Um die Pointe gleich mal vorweg zu nehmen: Ja. Ich finde, dass jeder das gute Recht hat, sich aufgrund seines Aussehens richtig mies und elendig zu fühlen.

Nach der Veröffentlichung meiner Aktfotos und meinem Auftritt im Fernsehen, haben mich so unfassbar viele wundervolle Nachrichten erreicht, dass ich mich wohl zu einem der gesegnetsten Menschen der Welt zählen darf. Mit so viel Zuspruch und Eurer bedingungslosen Offenheit hatte ich nicht gerechnet.

„Ich schäme mich, vor Dir zu jammern.“

Womit ich aber auch nicht gerechnet hatte, war der immer wiederkehrende Satz: „Jana, ich weiß, dass ich eigentlich gar kein Problem habe, wenn ich mich mit Dir vergleiche (…), aber ich mag mich auch nicht leiden.
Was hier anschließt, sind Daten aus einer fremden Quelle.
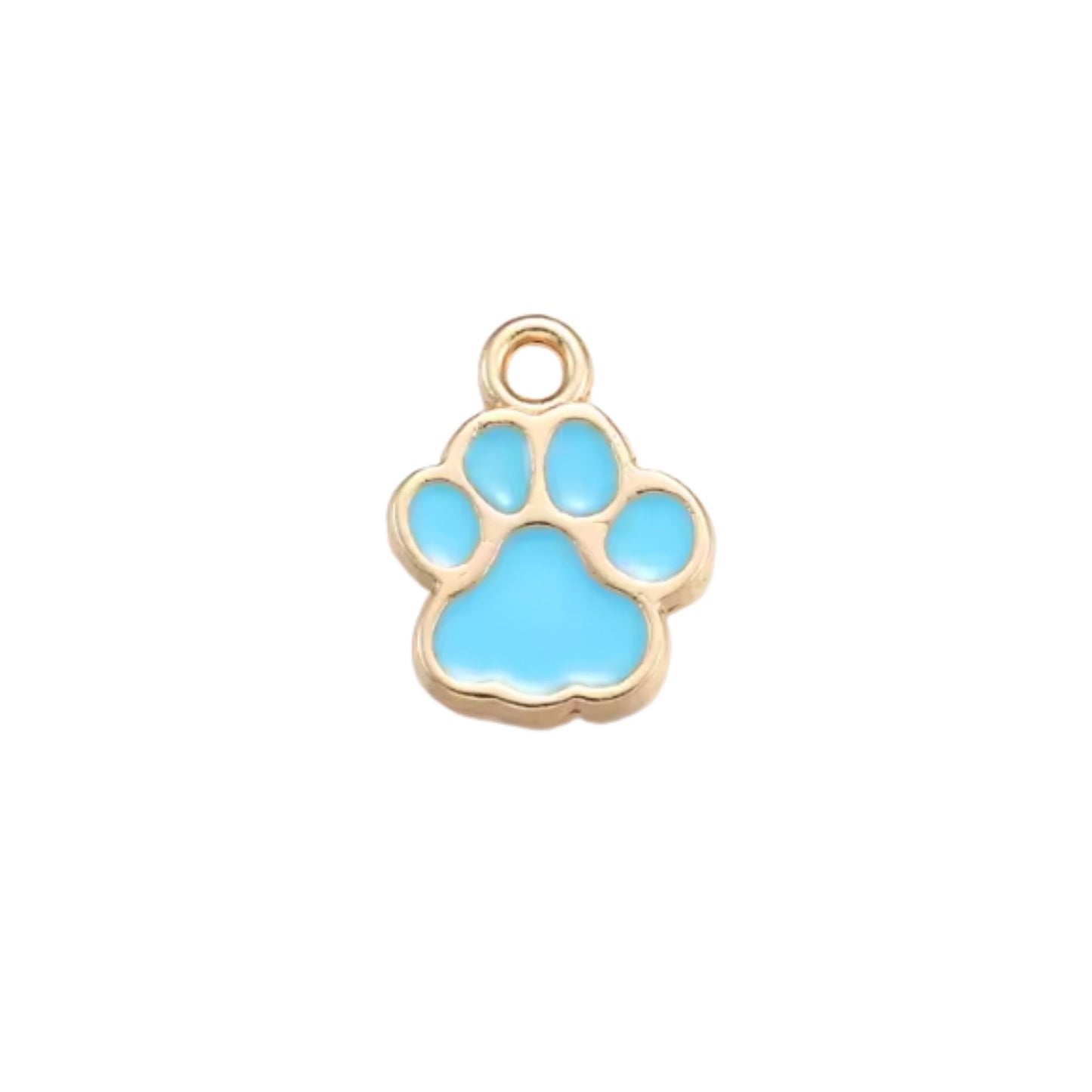 Dog Paw Charm Gold & Blue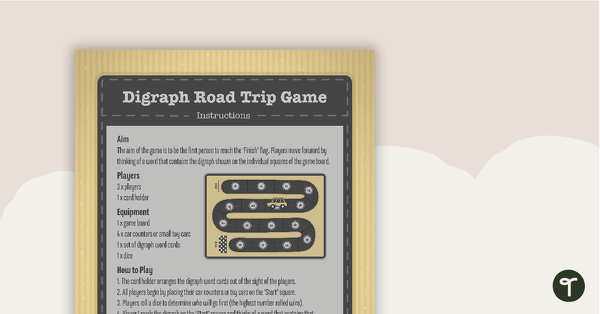 Digraph Road Trip Board Game teaching resource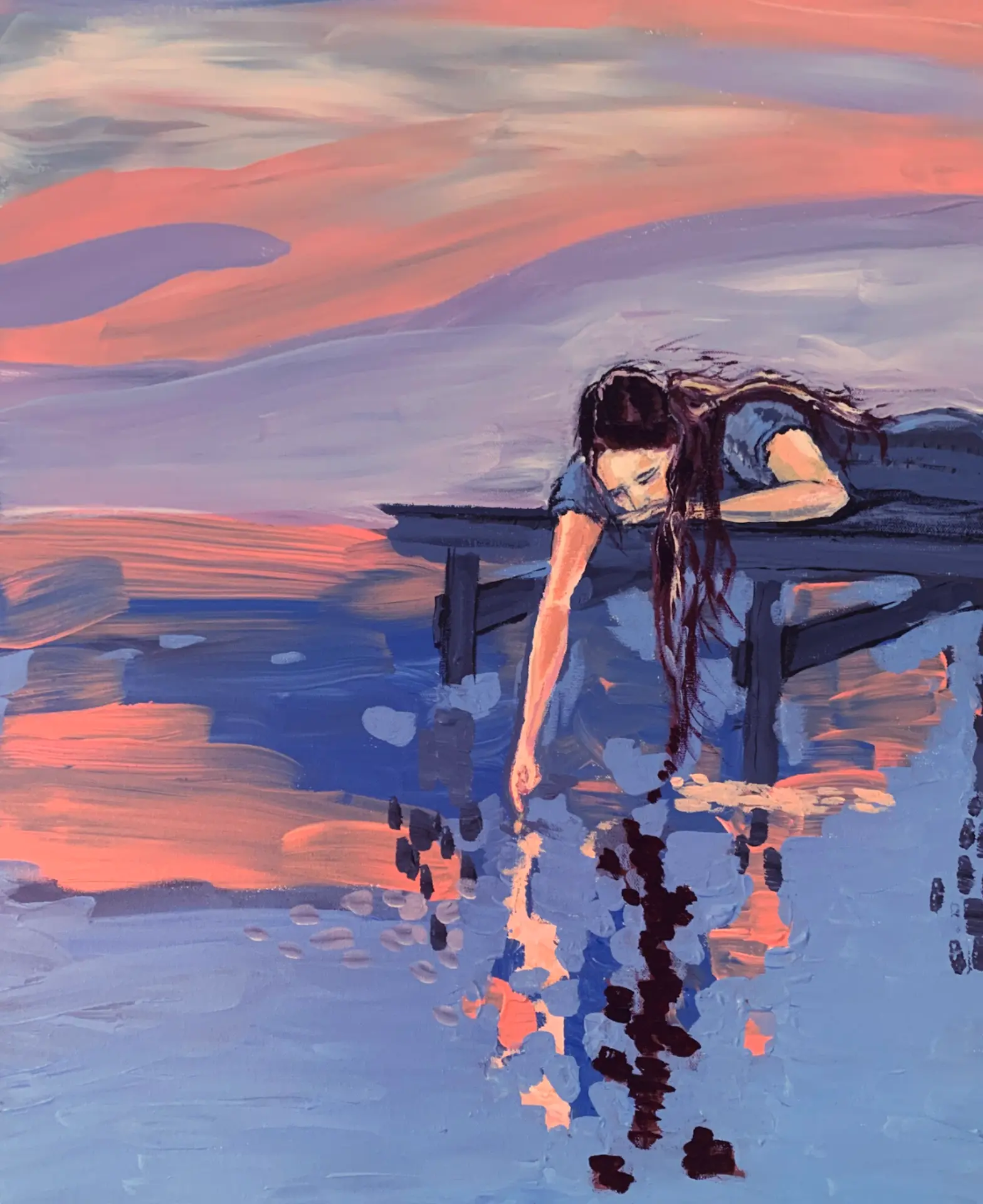 Painting of a girl on a jetty at sunset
Ich schäme mich, vor Dir zu jammern, und Du findest das bestimmt lächerlich, weil ich ja nur…“

Ihr Lieben, Leid zu empfinden, ist doch etwas absolut Individuelles. Der eine empfindet 3 Kilo Über- oder Untergewicht als Katastrophe, beim anderen fängt’s bei nem Vielfachen an. Jeder Mensch hat sein Wohlfühlgewicht und wir alle haben da eine unterschiedliche Toleranz, ab wann uns der Gang zur Waage so richtig den Tag vermasselt.

Yepp, es ist super schade, dass wir uns so sehr über unser Aussehen definieren und, nein, ich fange jetzt keine Hasstiraden auf Modemagazine, Casting-Shows und die Schönheitsindustrie im Allgemeinen an. – Fakt ist, dass wir uns ganz subjektiv scheiße fühlen dürfen und niemand das Recht hat, die Augen zu verdrehen, wenn wir das mal zugeben. Was eh viel zu selten vorkommt. Wir dürfen uns auch dann scheiße fühlen, wenn rein objektiv betrachtet nicht der Hauch eines Grundes zu sehen ist.
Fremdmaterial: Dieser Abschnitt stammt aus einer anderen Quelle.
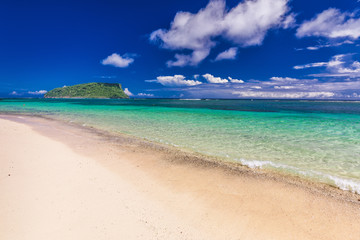 Vibrant tropical Lalomanu beach on Samoa Island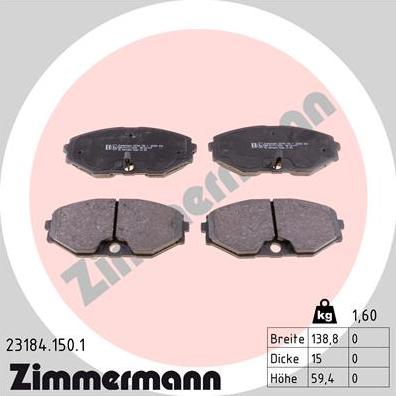 Zimmermann 23184.150.1 - Тормозные колодки, дисковые, комплект autosila-amz.com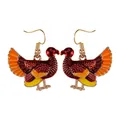 Vibrant Thanksgiving turkey drop earrings in gold finish with colorful enamel details - Red And Yellow Style (F1485)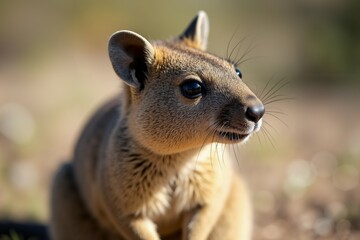 Close-up Portrait of a Curious Rock quokka. Wild Life.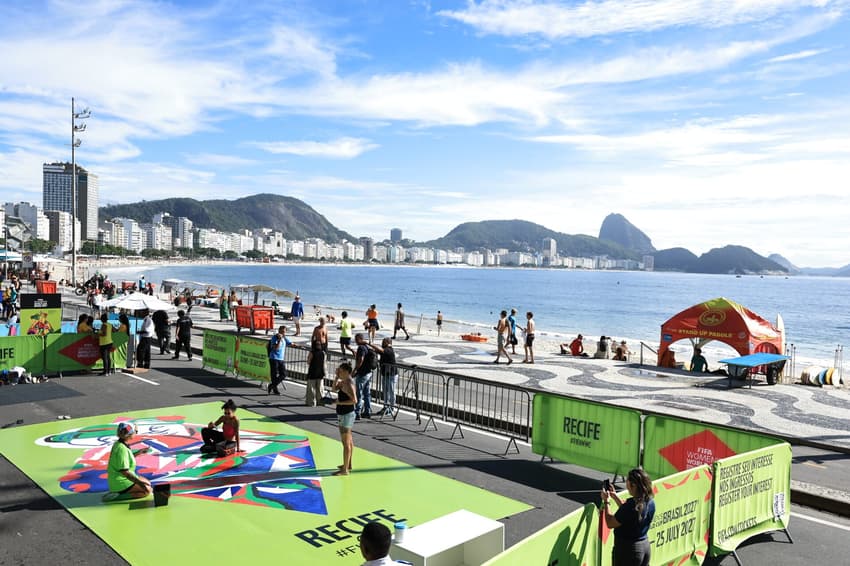 RIO DE JANEIRO, BRAZIL - JANUARY 25: A general view of the street painting as part of the FIFA Women's World Cup Brazil 2027™ tournament launch at the Copacabana beach on January 25, 2026 in Rio de Janeiro, Brazil. (Photo by Buda Mendes - FIFA / FIFA via Getty Images)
Leid beginnt im Kopf, nicht im Körper.

Genau darum geht’s nämlich: Leid beginnt im Kopf, nicht im Körper. Man glaubt alles ist gut, weil die lächelnde Maske einfach perfekt sitzt. Wir alle versuchen, uns ständig so zu präsentieren, wie uns die anderen sehen wollen. Jemanden zu finden, bei dem man diese Maske absetzen kann, bei dem man nur man selbst sein darf, ist ein kostbares Geschenk.

Es geht eben genau nicht darum, sich vorher mit seinem Gegenüber zu vergleichen. Man muss nicht vorher überprüfen, ob man sich in dessen Gegenwart überhaupt scheiße fühlen „darf“, weil er oder sie doch viel „massigere“ Probleme hat. Es geht einzig und allein darum, sich anzulehnen, die Maske abzulegen und zu sagen: „Du, ich fühle mich beschissen, denn ich finde mich unattraktiv und das macht mich traurig.“ Ich habe in meinem besten Freund  Batomae genau so jemanden gefunden und bin unendlich dankbar, dass er an meiner Seite ist, zuhört und mich tröstet. (Bato, fühl‘ Dich ganz fest gedrückt. Ich hab‘ Dich lieb.)

Dieser kleine Moment, wenn man sich traut, auf sein Herz zu hören. Dieser kleine Augenblick, wenn das Herz leise zum Kopf flüstert: „Können wir jetzt bitte aufhören, stark zu sein. – Ich kann echt nicht mehr.“

Dieser Mut, dann loszulassen und den Gedanken auszusprechen ist so zart und zerbrechlich. Probleme sind kein Wettkampf, bei dem jeder noch `ne Schüppe drauflegen muss, um am Ende den letzten Brownie zu bekommen. Gedanken, Ängste und Sorgen können auch nicht wirklich durch Brownies gelöst werden. Nein, auch nicht nicht durch Tripple-Schoko-Brownies. Glaubt’s mir, ich hab’s versucht.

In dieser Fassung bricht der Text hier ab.